WHAT YOU NEED TO DO:
Wherever the word "Womens" appears in the entries, copy the whole line.

EXERCISE MATERIALS:
****************

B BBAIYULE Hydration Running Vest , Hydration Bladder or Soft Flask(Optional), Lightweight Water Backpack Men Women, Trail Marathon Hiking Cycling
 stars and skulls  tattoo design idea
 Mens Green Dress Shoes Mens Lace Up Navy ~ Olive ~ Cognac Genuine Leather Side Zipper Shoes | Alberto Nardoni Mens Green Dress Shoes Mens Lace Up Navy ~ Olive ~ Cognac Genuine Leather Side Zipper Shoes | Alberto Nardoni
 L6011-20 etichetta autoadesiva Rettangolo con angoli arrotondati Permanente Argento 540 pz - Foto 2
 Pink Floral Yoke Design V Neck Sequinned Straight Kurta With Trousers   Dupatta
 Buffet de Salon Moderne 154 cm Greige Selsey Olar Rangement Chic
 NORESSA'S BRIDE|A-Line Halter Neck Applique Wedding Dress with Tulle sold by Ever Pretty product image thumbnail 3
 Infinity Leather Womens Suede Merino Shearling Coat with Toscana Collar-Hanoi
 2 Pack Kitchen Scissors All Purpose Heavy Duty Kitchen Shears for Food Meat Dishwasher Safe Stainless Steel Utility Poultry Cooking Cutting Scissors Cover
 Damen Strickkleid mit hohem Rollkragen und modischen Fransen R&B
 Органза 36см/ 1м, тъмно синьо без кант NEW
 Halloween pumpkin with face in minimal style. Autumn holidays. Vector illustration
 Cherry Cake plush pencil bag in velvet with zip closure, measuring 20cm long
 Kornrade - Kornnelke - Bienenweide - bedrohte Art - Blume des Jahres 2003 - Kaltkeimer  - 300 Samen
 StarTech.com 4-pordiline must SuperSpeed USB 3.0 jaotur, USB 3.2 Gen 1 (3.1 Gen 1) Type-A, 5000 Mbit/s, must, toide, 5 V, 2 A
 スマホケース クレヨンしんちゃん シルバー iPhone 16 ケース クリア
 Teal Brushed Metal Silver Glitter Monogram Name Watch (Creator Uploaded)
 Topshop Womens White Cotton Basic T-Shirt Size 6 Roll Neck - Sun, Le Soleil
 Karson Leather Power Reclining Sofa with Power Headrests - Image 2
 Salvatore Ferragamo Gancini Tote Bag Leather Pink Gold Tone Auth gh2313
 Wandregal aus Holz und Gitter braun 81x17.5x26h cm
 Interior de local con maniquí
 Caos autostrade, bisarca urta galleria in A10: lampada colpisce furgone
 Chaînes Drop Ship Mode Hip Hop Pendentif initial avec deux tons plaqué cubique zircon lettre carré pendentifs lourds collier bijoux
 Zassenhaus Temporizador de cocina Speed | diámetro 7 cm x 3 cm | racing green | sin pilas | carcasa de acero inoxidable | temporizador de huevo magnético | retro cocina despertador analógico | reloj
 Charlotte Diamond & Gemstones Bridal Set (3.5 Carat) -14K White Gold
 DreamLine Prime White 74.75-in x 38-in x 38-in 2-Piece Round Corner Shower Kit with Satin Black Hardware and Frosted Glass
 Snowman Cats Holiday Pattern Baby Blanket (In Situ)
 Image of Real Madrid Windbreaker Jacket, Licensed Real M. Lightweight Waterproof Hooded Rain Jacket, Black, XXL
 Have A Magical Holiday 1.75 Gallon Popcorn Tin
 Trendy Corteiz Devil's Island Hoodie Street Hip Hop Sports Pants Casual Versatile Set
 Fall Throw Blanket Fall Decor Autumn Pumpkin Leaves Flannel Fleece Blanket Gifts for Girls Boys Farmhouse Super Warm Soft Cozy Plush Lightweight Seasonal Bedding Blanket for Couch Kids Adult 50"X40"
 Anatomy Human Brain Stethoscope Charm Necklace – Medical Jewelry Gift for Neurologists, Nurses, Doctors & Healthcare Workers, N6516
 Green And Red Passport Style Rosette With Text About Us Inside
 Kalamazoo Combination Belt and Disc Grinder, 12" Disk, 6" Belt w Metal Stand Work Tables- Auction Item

****************

ANSWER BELOW:
 Infinity Leather Womens Suede Merino Shearling Coat with Toscana Collar-Hanoi
 Topshop Womens White Cotton Basic T-Shirt Size 6 Roll Neck - Sun, Le Soleil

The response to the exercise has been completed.